The good news is that tracking two doses of a vaccine isn’t a new challenge for these systems. “Most immunizations are a series,” says Kurilo, and states’ individual immunization information systems have helped coordinate them. The problem with the current systems is that they’re all disjointed. Providers in one city or state can’t look up their patient’s vaccines if they got them in another.
That’s where IZ Gateway comes in. It’ll be a secure router, hosted on Amazon Web Services through the Association of Public Health Laboratories, that allows interstate searches and entries. Another aspect of the system would connect records from larger healthcare systems like veteran’s affairs hospitals or prisons.
Such a comprehensive registry comes with privacy concerns. In order to track immunizations, patients will have to give their names, addresses, phone numbers, and more recently email to prove their identities. On the vaccination side, providers will have to input the vaccine manufacturer, batch number, and date in case of recalls or other health concerns. Only healthcare providers will be able to access them with appropriate password protections in accordance with the Health Insurance Portability and Accountability Act (HIPAA).

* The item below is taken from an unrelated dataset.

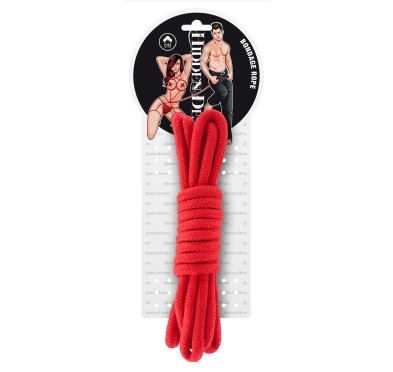 Wiązania-BONDAGE ROPE 3 METER RED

Some people may be excluded from this kind of system. “I don’t know how you’d communicate that with more vulnerable population groups—what about undocumented immigrants?” says Diane Korngiebel, a bioethicist and research scholar at the Hastings Center, a think tank based in New York. These individuals may not want to participate for fear of being caught; people experiencing homelessness who don’t have a permanent address may also avoid the system.
These populations have historically had inadequate access to healthcare. “Regardless of how well IZ Gateway works as an exchange medium, it’s not going to solve any of the underlying healthcare disparities that we already have,” says Korngiebel. The CDC didn’t return Quartz’s request for comment.
The US federal government has been trying to piece together its jigsaw of state-wide vaccine registries since before Covid-19; the pandemic has lit a fire under its feet. In 2019, it awarded Audacious Inquiry, a Maryland-based software company, a contract for $3 million over three years to provide product management and integration support for IZ Gateway. This October, the CDC awarded the company a nearly $12 million expansion contract to get the system off the ground over the next 11 months.
Meanwhile, Kurilo’s group at AIRA has been working to get states and other jurisdictions onboard; in the end, 61 immunization registries will participate. “We’re working on setting up solutions on the policy end and the technical end,” she says. They’re making sure that state’s policies legally allow them to share vaccination records through the gateway—there’s a lot of paperwork required—and that they have the correct protections and infrastructure to get all of them securely connected.
On the policy side, “33 jurisdictions have signed on, with more every week,” she says. But getting everyone’s infrastructure up-to-date will require funding that some states don’t have handy. If we had been able to see Covid-19 coming, we would have pushed to get it going sooner, Kurilo says.
Correction (Dec. 14): An earlier version of this story said that Audacious Inquiry was building IZ Gateway; it is providing project management and integration support.